Trifft Rieseneisberg auf Insel?
Vor knapp drei Jahren löste sich in der Antarktis ein riesiger Eisberg vom Eisschelf Larsen C und machte sich auf eine lange Reise durch das Südpolarmeer. Der Eisberg war damals 175 Kilometer lang und bis zu 55 Kilometer breit, er war etwa doppelt so groß wie das Saarland. Im ersten Jahr bewegte sich der Riesenkoloss nur langsam, dann wurde er etwas schneller und nähert sich nun allmählich Südgeorgien. Dort leben zwar keine Menschen, aber der Eisberg, der nur langsam schrumpft, könnte vor allem die Tierwelt beeinflussen.

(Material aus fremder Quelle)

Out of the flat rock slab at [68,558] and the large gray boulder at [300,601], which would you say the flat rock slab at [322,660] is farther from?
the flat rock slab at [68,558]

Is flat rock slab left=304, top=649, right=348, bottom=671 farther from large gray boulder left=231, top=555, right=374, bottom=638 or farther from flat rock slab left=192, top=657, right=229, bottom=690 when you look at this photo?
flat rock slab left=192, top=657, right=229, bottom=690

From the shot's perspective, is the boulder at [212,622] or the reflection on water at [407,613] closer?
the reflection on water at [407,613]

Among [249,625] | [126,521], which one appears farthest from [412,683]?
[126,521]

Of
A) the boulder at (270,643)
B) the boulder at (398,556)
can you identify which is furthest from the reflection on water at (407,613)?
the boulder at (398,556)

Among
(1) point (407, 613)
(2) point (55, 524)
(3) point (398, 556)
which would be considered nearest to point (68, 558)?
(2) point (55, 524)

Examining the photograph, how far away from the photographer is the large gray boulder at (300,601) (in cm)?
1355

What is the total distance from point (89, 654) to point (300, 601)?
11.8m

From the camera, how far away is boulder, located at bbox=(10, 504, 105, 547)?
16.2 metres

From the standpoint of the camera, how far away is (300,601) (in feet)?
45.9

Spektakuläre Bilder gingen im Frühjahr 2017 durch die Medien, Bilder zeigten einen mehr als 100 Kilometer langen Riss durch das Eisschelf Larsen C, der auch an der deutschen Neumayer-Forschungsstation verfolgt wurde. Im Sommer war es dann soweit, ein gigantischer Eisberg entstand und driftete langsam vom Eisschelf weg. Im Satellitenbild vom September 2017 sieht man schon deutlich den komplett abgebrochenen Eisberg.
Im ersten Jahr legte der größte Teil des Eisbergs nur eine Strecke von etwa 45 Kilometern zurück. Im Norden brach ein Stück ab und wurde zum Eisberg A-68B, der etwas schneller vorankam.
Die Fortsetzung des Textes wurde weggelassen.